One possibility, if you do want to get R to draw nice clean lines through the data for you, is to use the scatterplot() function in the car package. Before we can use scatterplot() we need to load the package:

> library( car )

Having done so, we can now use the function. The command we need is this one:

> scatterplot( dan.grump ~ dan.sleep,
+              data = parenthood, 
+              smooth = FALSE
+ )

## Loading required package: carData

Figure 6.20: A fancy scatterplot drawn using the `scatterplot()` function in the `car` package.

The first two arguments should be familiar: the first input is a formula dan.grump ~ dan.sleep telling R what variables to plot,¹⁰⁰ and the second specifies a data frame. The third argument smooth I’ve set to FALSE to stop the scatterplot() function from drawing a fancy “smoothed” trendline (since it’s a bit confusing to beginners). The scatterplot itself is shown in Figure 6.20. As you can see, it’s not only drawn the scatterplot, but its also drawn boxplots for each of the two variables, as well as a simple line of best fit showing the relationship between the two variables.

More elaborate options

Often you find yourself wanting to look at the relationships between several variables at once. One useful tool for doing so is to produce a scatterplot matrix, analogous to the correlation matrix.

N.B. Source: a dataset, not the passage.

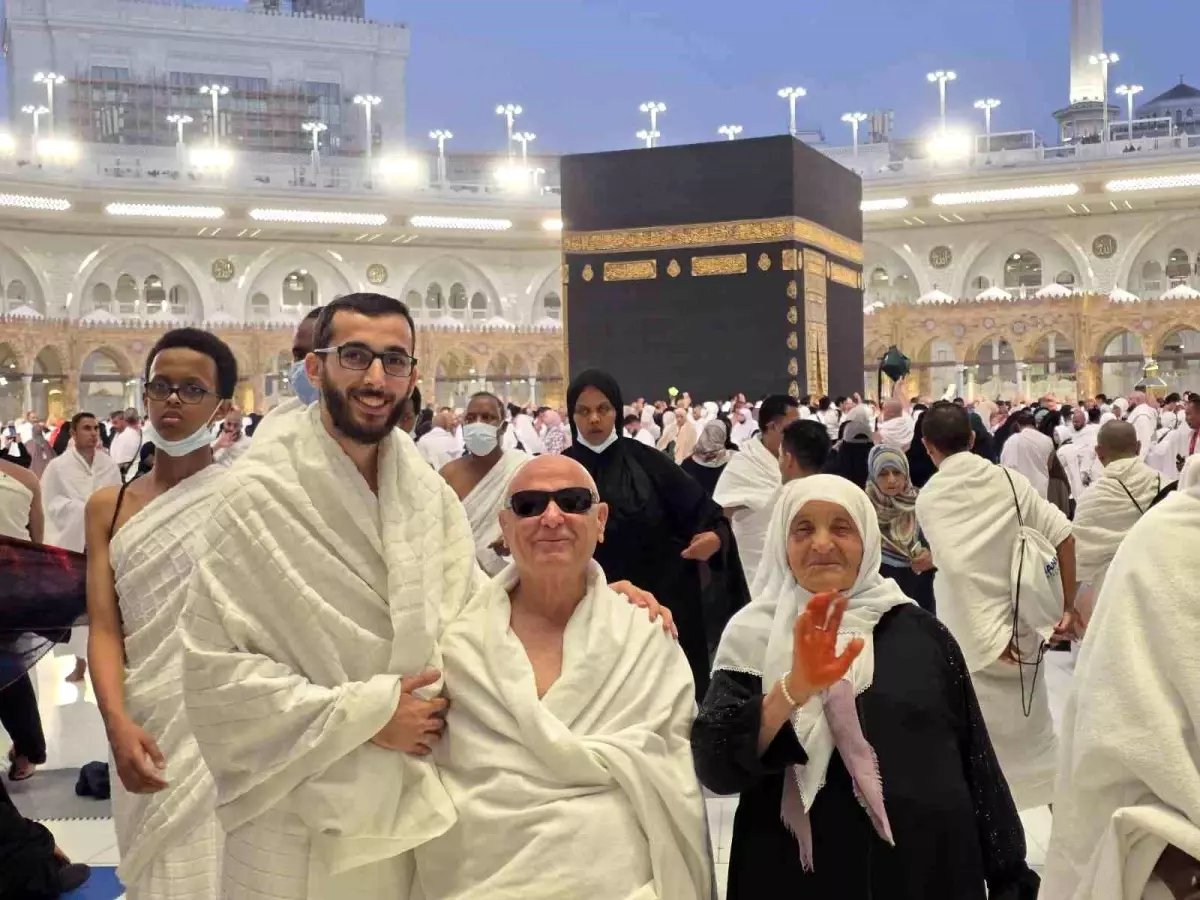 Görme Engelliler Umreye Gitti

> cor( x = parenthood ) # calculate correlation matrix
             dan.sleep  baby.sleep   dan.grump         day
dan.sleep   1.00000000  0.62794934 -0.90338404 -0.09840768
baby.sleep  0.62794934  1.00000000 -0.56596373 -0.01043394
dan.grump  -0.90338404 -0.56596373  1.00000000  0.07647926
day        -0.09840768 -0.01043394  0.07647926  1.00000000

We can get a the corresponding scatterplot matrix by using the pairs() function:¹⁰¹

pairs( x = parenthood ) # draw corresponding scatterplot matrix

The output of the pairs() command is shown in Figure ??. An alternative way of calling the pairs() function, which can be useful in some situations, is to specify the variables to include using a one-sided formula. For instance, this

> pairs( formula = ~ dan.sleep + baby.sleep + dan.grump,
+        data = parenthood
+ )

would produce a 3×3 scatterplot matrix that only compare dan.sleep, dan.grump and baby.sleep. Obviously, the first version is much easier, but there are cases where you really only want to look at a few of the variables, so it’s nice to use the formula interface.